UK minister admits 200 asylum-seeking children have gone missing

This article is more than 1 year old

Simon Murray says one girl and at least 13 under-16s among those missing after being placed in hotels run by Home Office

Two hundred asylum-seeking children who were placed in hotels run by the Home Office have gone missing, a minister has admitted.

They include one girl and at least 13 children under the age of 16, the Home Office minister Simon Murray told the House of Lords on Monday.

The disclosure comes after the Observer reported that a whistleblower from a Home Office hotel in Brighton had claimed that some children had been abducted off the street outside the facility and bundled into cars.

The department was warned by police that the vulnerable occupants of the hotel – asylum-seeking children who had recently arrived in the UK, many on small boats, without parents or carers – would be targeted by criminal networks.

Answering a question from the Liberal Democrat peer Paul Scriven, Lord Murray disclosed the figures, which have been collated since July 2021. “The Home Office have no power to detain unaccompanied asylum-seeking children in these hotels and we do know that some of them go missing. Many of them that go missing are subsequently traced.”

UK minister admits 200 asylum-seeking children have gone missing – video

He said 88% of the 200 children – 176 – were of Albanian origin, and he said the government hoped to phase out the use of hotels for children “as soon as we can”.

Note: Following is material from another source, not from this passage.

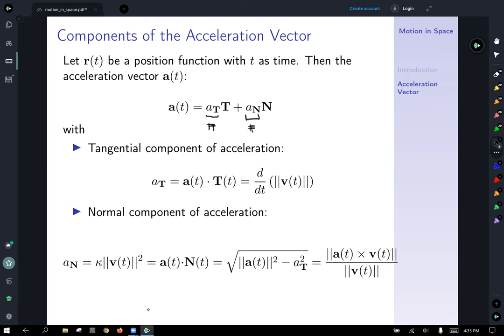We can rewrite and break apart the acceleration vector: a of t equals a-sub-T (a scalar) times the unit tangent vector, plus a-sub-N (also a scalar) times the unit normal vector. The tangential component of acceleration a-sub-T equals the dot product of the acceleration vector with the unit tangent vector, simplified as the derivative with respect to t of the magnitude of the velocity. The normal component a-sub-N can be given as curvature times magnitude of velocity squared, or as the cross product of acceleration with velocity divided by the magnitude of velocity.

There are six Home Office hotels for unaccompanied asylum-seeker children, including the one in Brighton.

NGOs have repeatedly raised concerns over children going missing from accommodation and have offered to help the Home Office keep them safe, but the government has rejected these offers.

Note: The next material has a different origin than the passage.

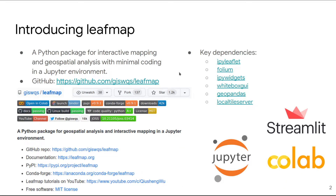So what is LeafMap? It is a Python package for interactive mapping and geospatial analysis with minimum coding, in a Jupyter environment. The source code is available on GitHub. Some of the key dependencies include IPyleaflet and Folium for mapping, ipywidgets for designing interactive user interfaces, WhiteBox for geospatial analysis, and vector and raster data analysis and visualization using GeoPandas and a local tile server.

Philip Ishola, the chief executive of the anti-child trafficking organisation Love146, which has been warning of the risk of placing unaccompanied children in hotels since the Home Office started using them, said the Home Office rejected an offer from a group of organisations to assess a hotel in Brighton.

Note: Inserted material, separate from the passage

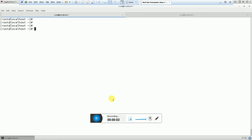Hi friends, good morning. My name is Vikramjit Singh and welcome to my channel Education Just Ahead. In this video I am going to explain what is the FSTAB file, what parameters are available in the FSTAB file, and how we can use those parameters. FSTAB file is a plain text configuration file that we can open in any editor.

“This is more than a year ago and it was obvious then that there were serious concerns about the safety of young people in these hotels. Since then, the Home Office has been warned, repeatedly, that children are going missing, potentially to be trafficked and exploited, yet these concerns have been ignored,” he said.

Bella Sankey, a Labour councillor in Brighton and Hove, said: “These children must be found. We also need a full investigation to establish the full scale of political and institutional accountability for this abhorrent wrongdoing.”

Enver Solomon, the chief executive of the Refugee Council, called for mechanisms to be put in place to allow children to be looked after by local authorities.

Sussex police disclosed that they arrested two men on suspicion of human trafficking after children staying in a hotel were seen getting into their car. A spokesperson said they had not received any allegations of kidnapping.

Since the Home Office began housing asylum seekers in hotels in Brighton and Hove in July 2021, 137 unaccompanied children have been reported missing, the police spokesperson said. Of these, 60 have been located and 76 cases remain under investigation. One has been transferred to a neighbouring force, believed to be the Met.

The migration watchdog found in October that hotels being used to house unaccompanied children were using staff who had not been checked by the Disclosure and Barring Service (DBS), as is required by government rules. Staff had access to master keys while young refugees stayed in the building.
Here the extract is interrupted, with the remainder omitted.